> **Problem**
Apart from the images, output the data below exactly.

> **The data**
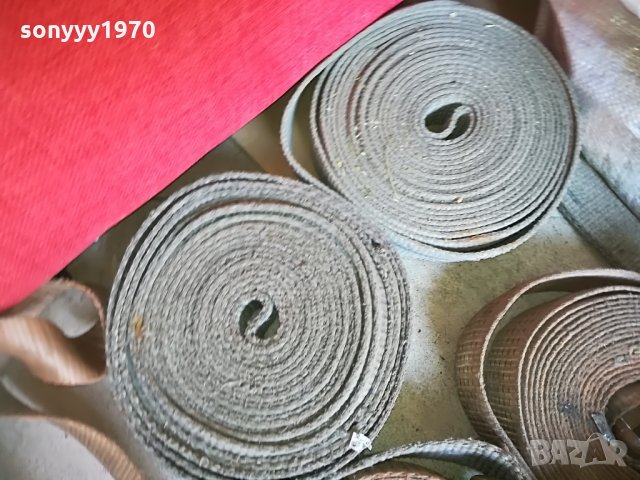 колани ленти-тир-9м, снимка 6 - Аксесоари и консумативи - 28697123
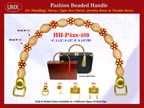 Wholesale Shops: Vintage Box Purses Handle: HH-Pxx-489: Buy From Online Shop Vintage Box Purse Making Hardware Supplies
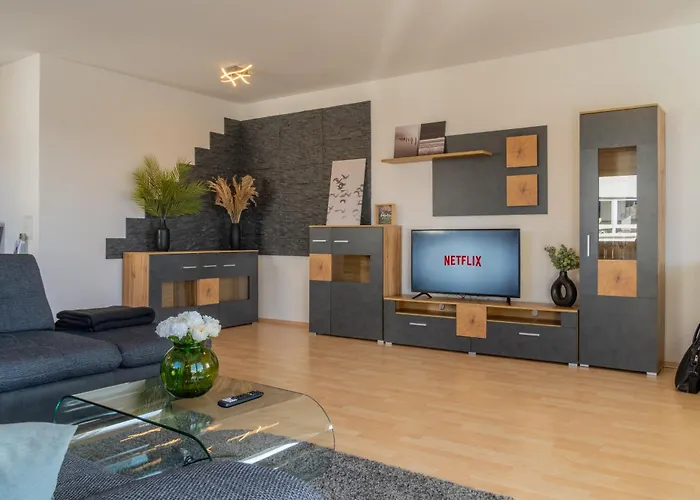 Cloudcabins - Brunnenberg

> **Response area**
 колани ленти-тир-9м, снимка 6 - Аксесоари и консумативи - 28697123
 Wholesale Shops: Vintage Box Purses Handle: HH-Pxx-489: Buy From Online Shop Vintage Box Purse Making Hardware Supplies
 Cloudcabins - Brunnenberg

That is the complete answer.